■ Your task ■
Output exactly, in the material below, the lines from the one with "Herbsthimbeeren, 'Blissy® Autumn" through the one with "印度奥里萨邦西姆里帕尔公园大象赶走野餐的人们并吃掉所有食物". Omit all pictures.

■ Available data ■
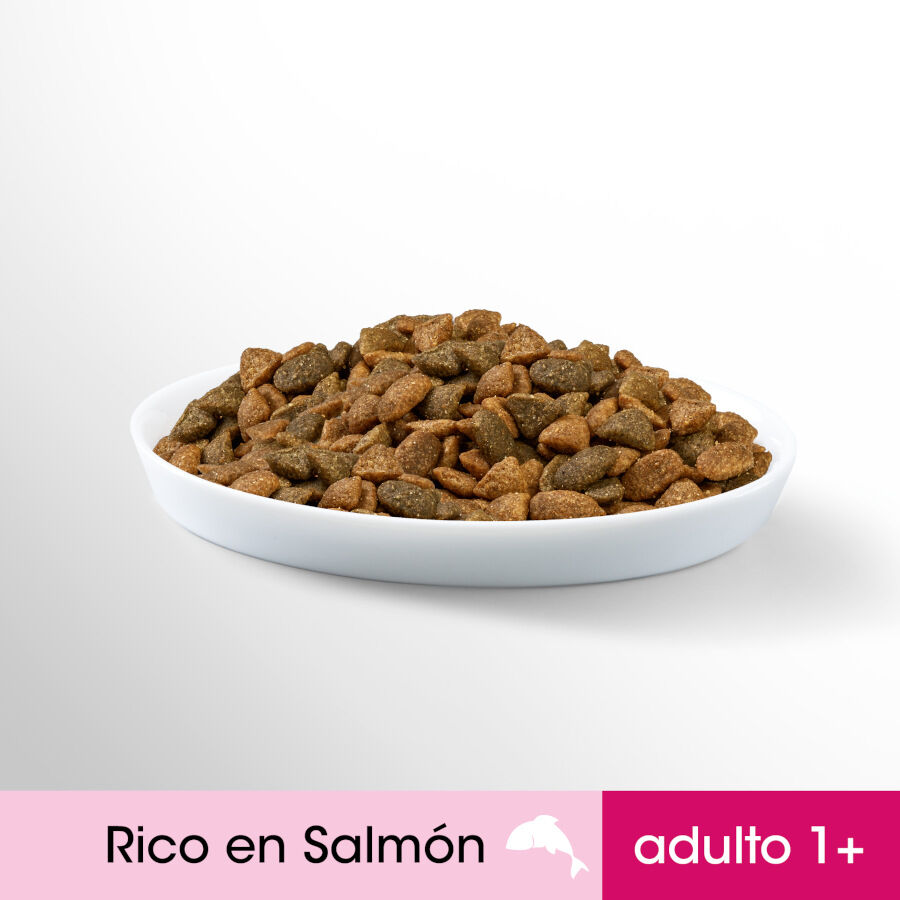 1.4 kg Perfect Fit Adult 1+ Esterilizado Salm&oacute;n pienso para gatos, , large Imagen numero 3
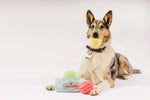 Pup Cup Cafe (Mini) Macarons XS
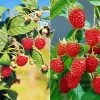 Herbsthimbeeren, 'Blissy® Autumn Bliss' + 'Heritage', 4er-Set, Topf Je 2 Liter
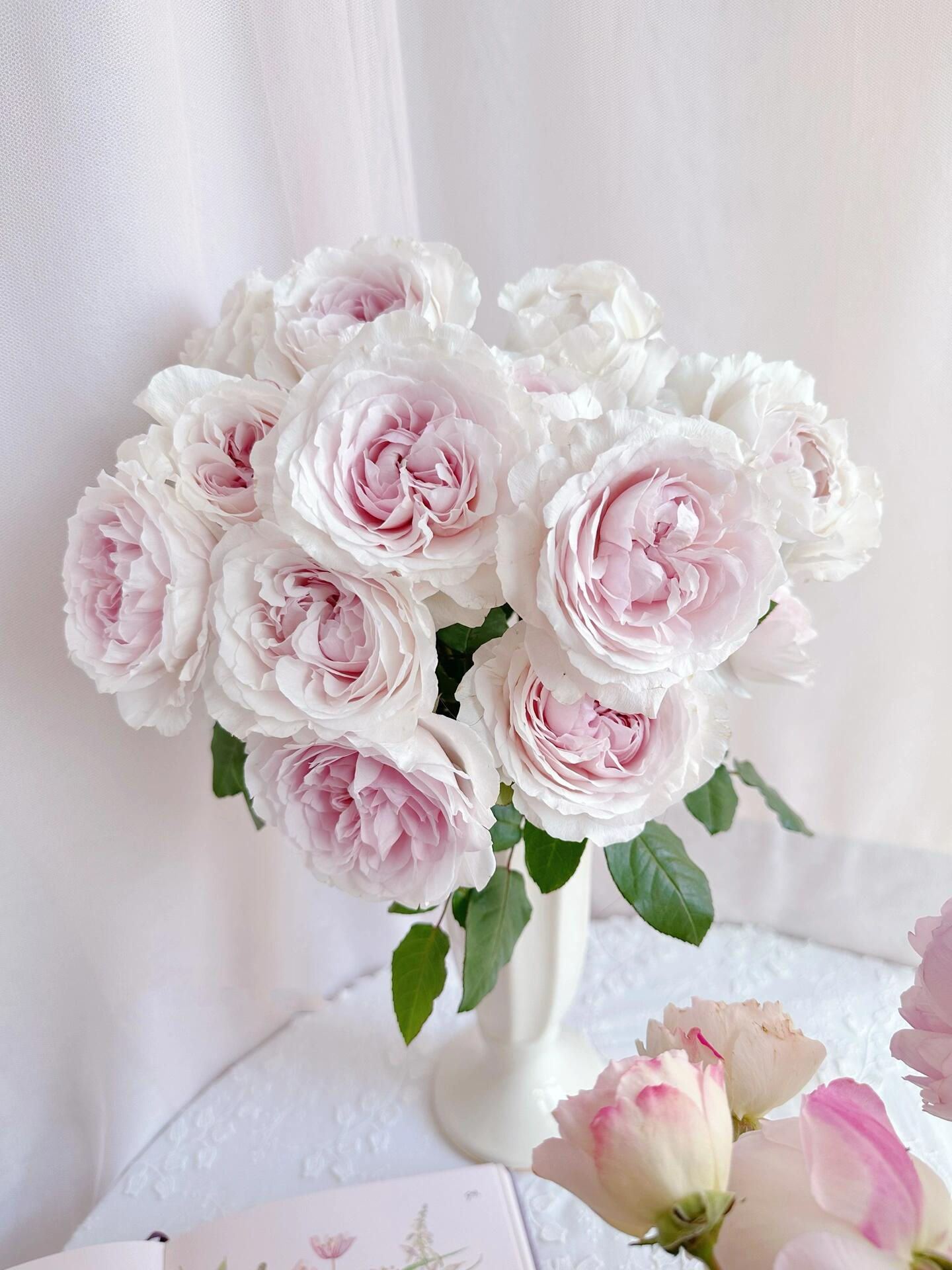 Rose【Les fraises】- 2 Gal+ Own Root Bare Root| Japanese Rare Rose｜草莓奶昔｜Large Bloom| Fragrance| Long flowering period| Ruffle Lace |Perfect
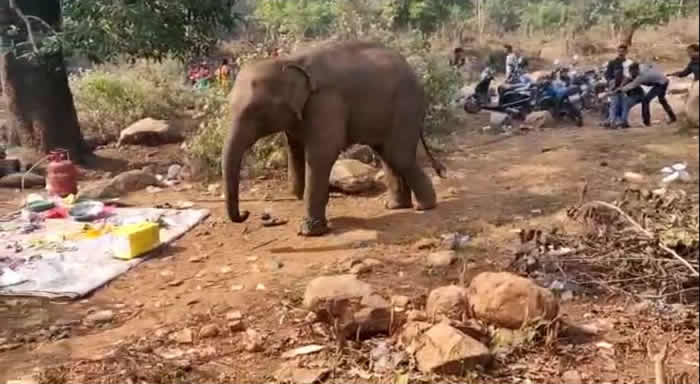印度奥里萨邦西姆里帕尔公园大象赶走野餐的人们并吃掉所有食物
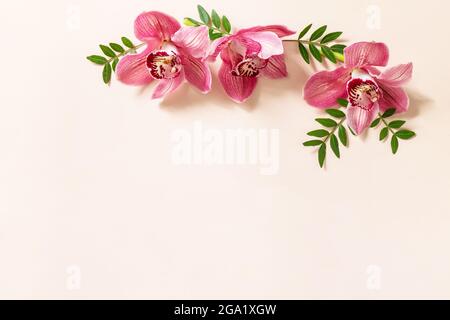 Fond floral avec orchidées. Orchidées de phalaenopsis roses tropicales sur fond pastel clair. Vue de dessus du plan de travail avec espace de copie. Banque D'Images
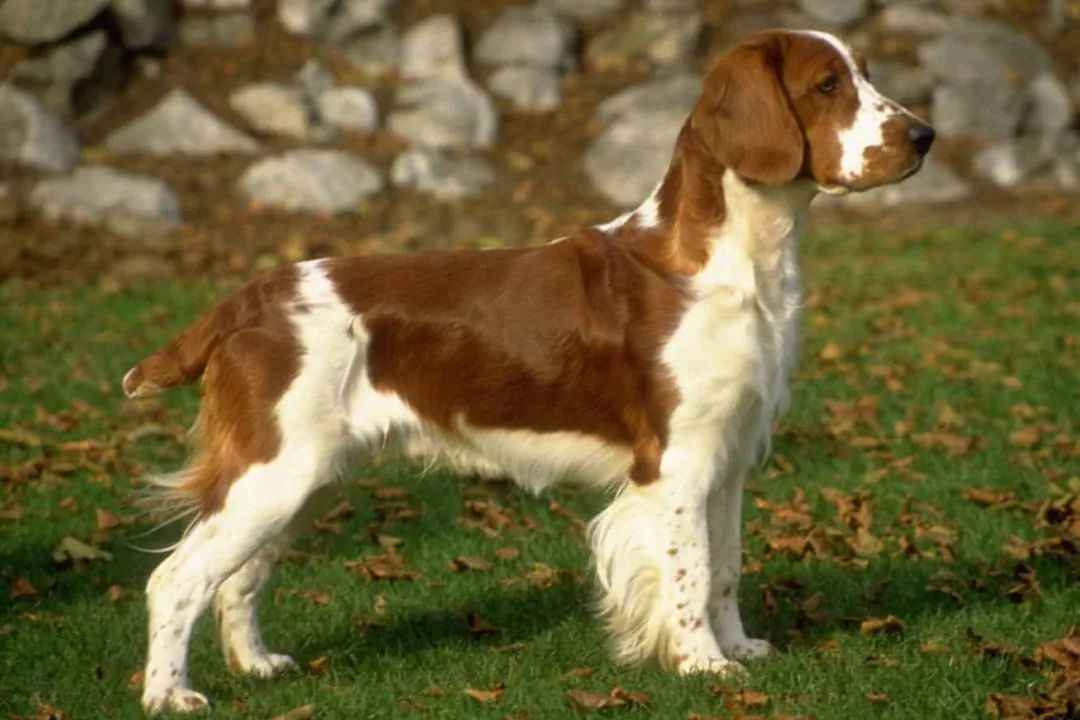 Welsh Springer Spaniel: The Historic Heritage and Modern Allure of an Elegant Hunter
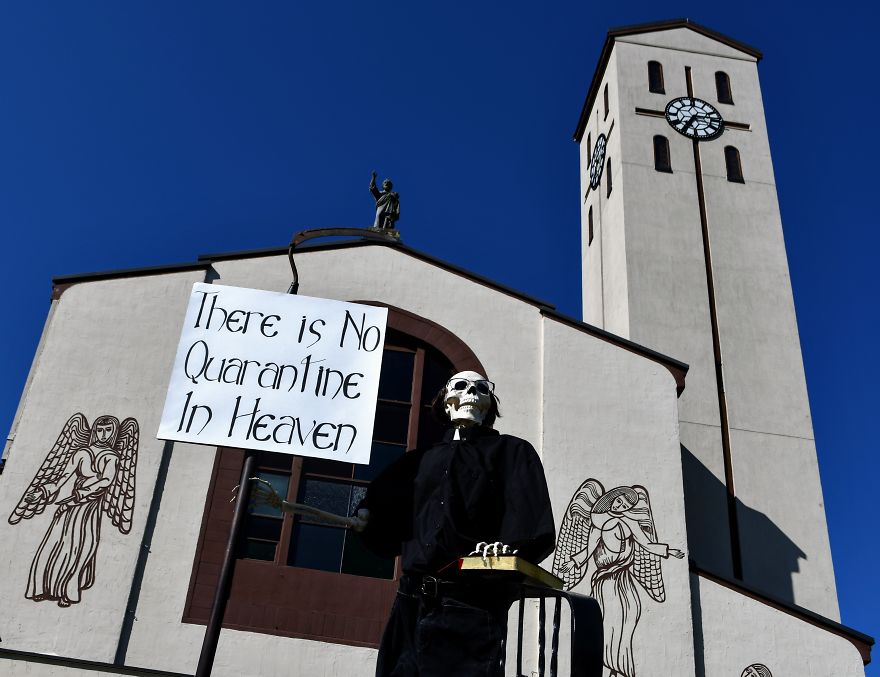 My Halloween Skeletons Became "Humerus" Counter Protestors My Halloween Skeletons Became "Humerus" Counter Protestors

■ Solution ■
 Herbsthimbeeren, 'Blissy® Autumn Bliss' + 'Heritage', 4er-Set, Topf Je 2 Liter
 Rose【Les fraises】- 2 Gal+ Own Root Bare Root| Japanese Rare Rose｜草莓奶昔｜Large Bloom| Fragrance| Long flowering period| Ruffle Lace |Perfect
印度奥里萨邦西姆里帕尔公园大象赶走野餐的人们并吃掉所有食物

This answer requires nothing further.